Egg tart. You can see that this is not browned like the Portuguese version.
Some other buns... don't remember what kind. Breakfast was complemented with soy milk.
Another snack break. Mango dumpling (mochi), aloe jelly with honeydew for Gabe (left) and aloe jelly with watermelon for Sue (right).
We found another market, which, despite being called a "Street Market" on their sign, was actually indoors. I liked the simple pictogram-based directory.
Fish. Sea cucumbers in the foreground.
Tub of eels.
Butchers. The floor in this section was pretty slippery as the tiles were coated with a thin layer of animal fat.
Various meatballs for your soup's delight.
Yet another HK snack: bird's nest (imitation of course, real bird's nest is horribly expensive) with mango and coconut ice creams. We also had mango pudding with mango, and sweet chrysanthemum tea, but no pictures of that for some reason.
Would you believe it? More HK snacks! red bean and sago (left) and dessert tofu (do\ fu~ hua) with mung bean. This was actually a pre-dinner dessert. We went to a really good sushi restaurant for dinner (which meant it was really popular, and therefore really crowded... we waited about 45 minutes and we got there at 5:30pm! hence the dessert to kill time while we waited for them to call our number).
Squid nigiri (left), scallop nigiri (right).
Tempura shrimp roll.
Roasted salmon nigiri.
Yellowtail nigiri (I think).
The craziest unagi nigiri I've ever seen! It's basically an entire unagi (eel), and the funny thing is that despite the size, they still have a chunk of sushi rice in the middle that's sized as it you were going to stick a normal portion of fish on top of it. Silly! (but darned tasty.)

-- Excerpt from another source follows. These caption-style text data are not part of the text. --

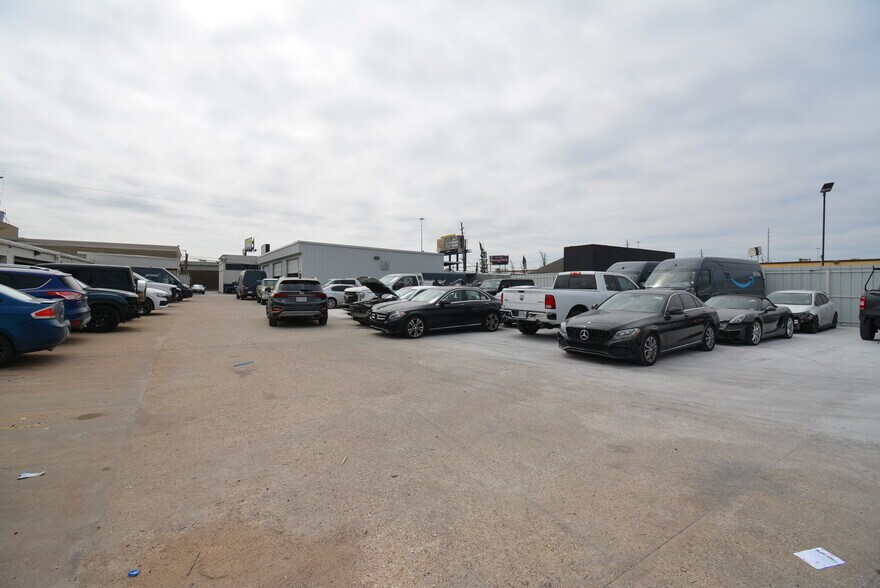 More Photos Of 5610-5613 Southwest Fwy, Houston Mixed Retail For Lease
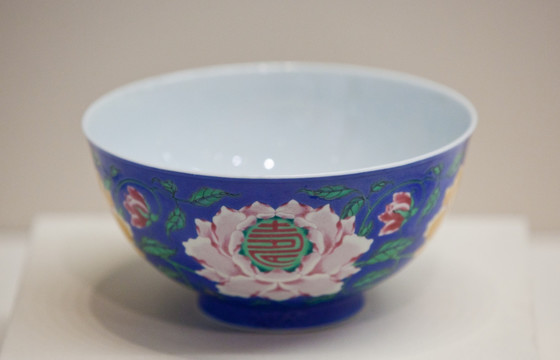 蓝地牡丹纹珐琅彩碗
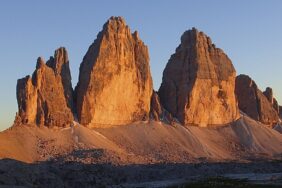 Drei Zinnen: Wanderer stehen Schlange in den Dolomiten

Yellowtail gunkan-zushi ("battleship" sushi).
Assorted hand rolls. Clockwise from the left: soft-shell crab, uni (sea urchin roe), yellowtail, toro (fatty tuna).
Jumbo scallop nigiri.
"Roasted fish dorsal" nigiri. Not sure what species this is. Very tender.

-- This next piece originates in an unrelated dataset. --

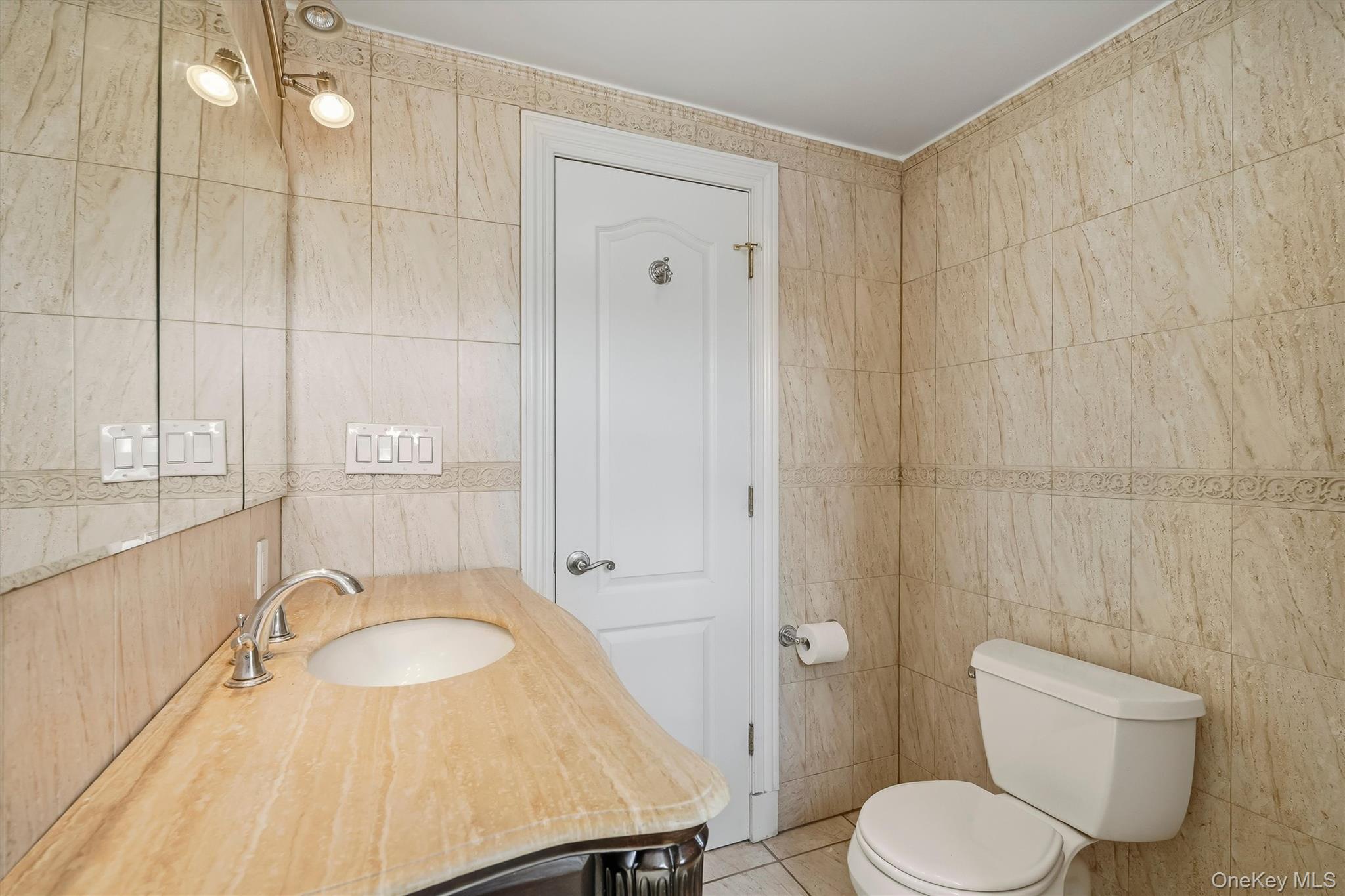 26 Custer Avenue Property Photo 30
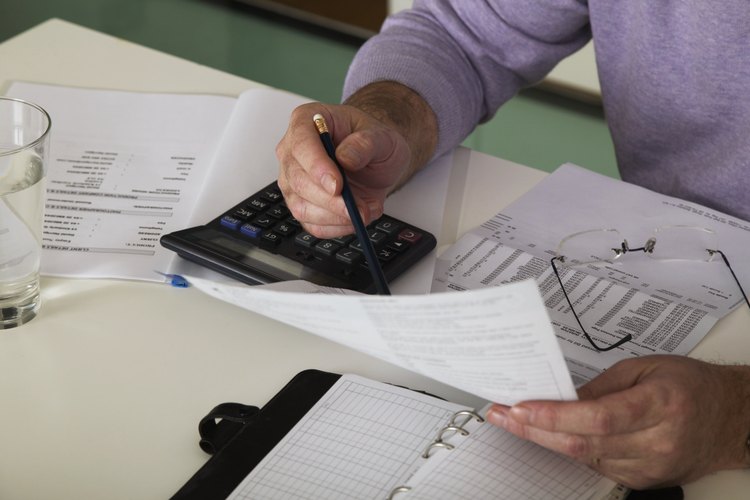 Completa la FAFSA con tu hijo para ayudar a responder cualquier pregunta.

Assorted nigiri. Left to right: amaebi (sweet/raw shrimp), saba (mackerel), japanese flounder, jack mackerel and salty saury (the last two might be backwards... I don't remember anymore).

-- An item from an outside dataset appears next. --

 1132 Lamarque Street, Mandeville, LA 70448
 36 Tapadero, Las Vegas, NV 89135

And then for "dessert", authentic HK-style rice porridge (congee). The one of the left is "fisherman's congee" (assorted seafoods) and the one on the right is pork meat with preserved eggs (so-called "thousand year old eggs"). Uncle Paul explained that true, authentic HK-style congee is cooked for a *very* long time so that the rice breaks down a lot, and the congee really soaks up the flavors. It was quite tasty.